Meski begitu, banyak pelaku industri memandang kondisi ini bukan sebagai krisis, melainkan koreksi pasar yang wajar.
Pandangan itu disampaikan salah satunya oleh Direktur Keuangan PT Mitra Murni Perkasa (MMP) Dadik Achmad Zuhraidi dalam sesi CXO Panel bertema “Corporate Visionaries Chart Courses for Critical Mineral Evolution in Indonesia” di ajang Indonesia Critical Minerals Conference and Expo 2025 yang diadakan di Hotel Pullman Jakarta, Selasa (3/6/2025).
Sebagai informasi, MMP merupakan salah satu yang pertama di Indonesia sebagai perusahaan smelter nikel matte berkadar tinggi yang didanai oleh 100 persen penanaman modal dalam negeri (PMDN).
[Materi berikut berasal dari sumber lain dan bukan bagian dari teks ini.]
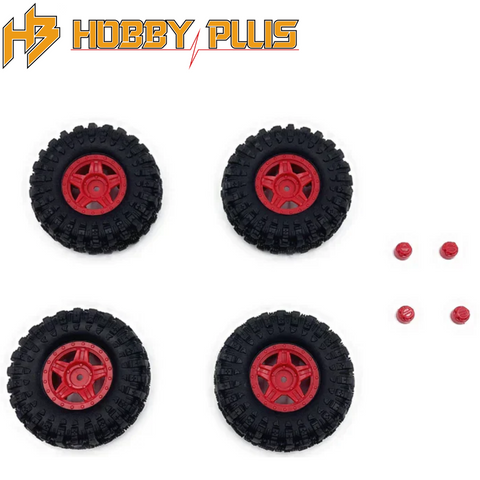Hobby Plus HBP240508 Deep Star 1.2" Beadlock Wheel Red 68mm Mudder-XL Tires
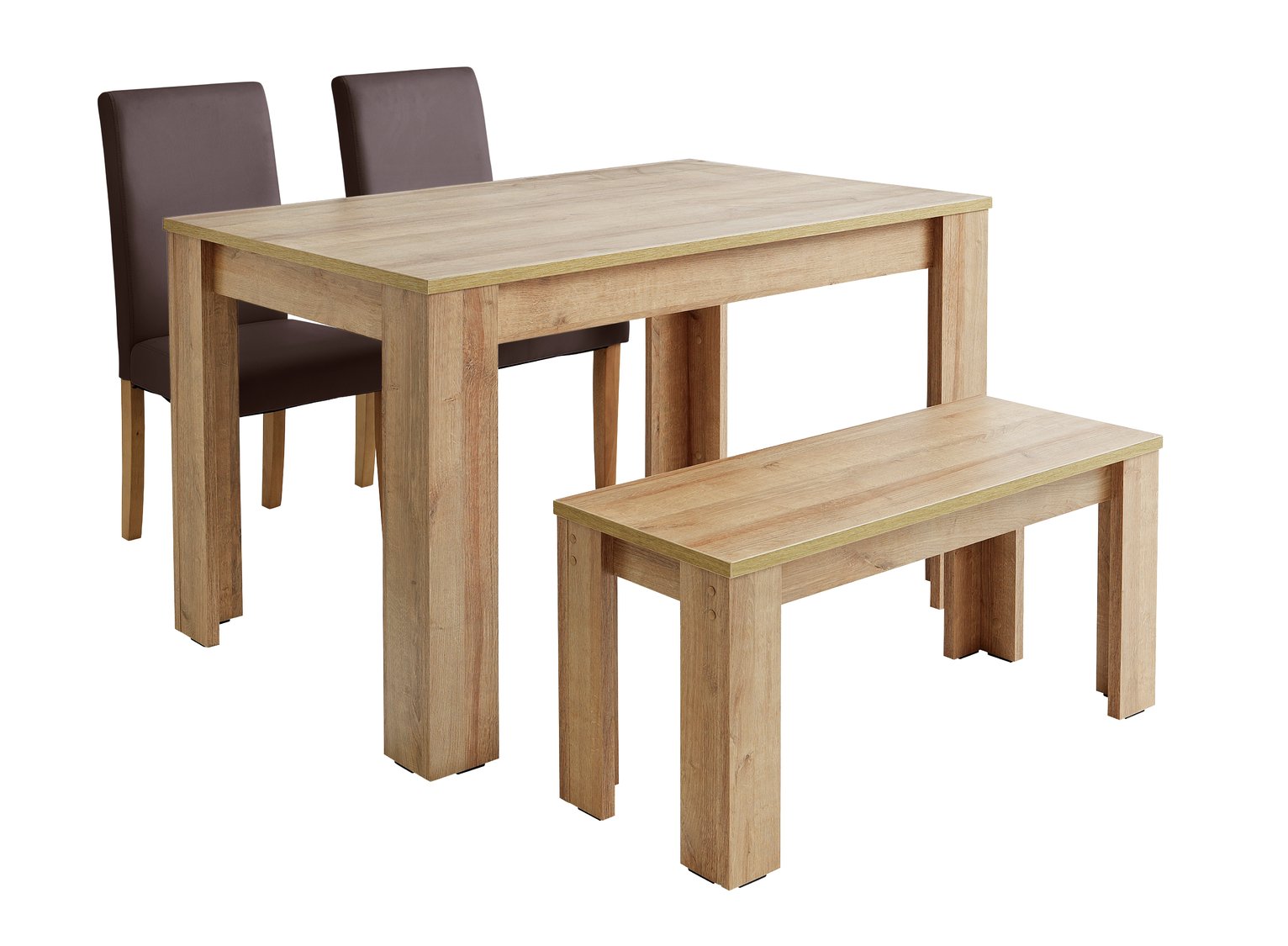 Argos Home Miami Oak Effect Table, Bench & 2 Chocolate Chair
MMP adalah anak usaha dari MMS Group Indonesia (MMSGI) yang merupakan grup usaha dengan bisnis yang terdiversifikasi, sepenuhnya dimiliki oleh investor asal Indonesia. Selain fondasi yang kuat di sektor batu bara dan perhotelan, MMSGI juga mengembangkan ekosistem nikel secara strategis.
Dalam forum tersebut, Dadik membagikan pandangan MMP terhadap arah industri, strategi adaptasi perusahaan, dan pentingnya membangun model bisnis yang tangguh dalam menghadapi fluktuasi pasar.
Menurutnya, penurunan harga nikel saat ini adalah bagian dari siklus alami komoditas. Setelah beberapa tahun didorong oleh lonjakan permintaan kendaraan listrik dan pertumbuhan industri baterai, pasar kini tengah mengalami kalibrasi ulang.
“Ketidaksesuaian antara pasokan dan permintaan ini memang memberikan tekanan biaya pada produsen, tetapi juga berfungsi sebagai penyaring pasar yang menghargai fleksibilitas, efisiensi, dan integrasi,” ujar Dadik, Selasa.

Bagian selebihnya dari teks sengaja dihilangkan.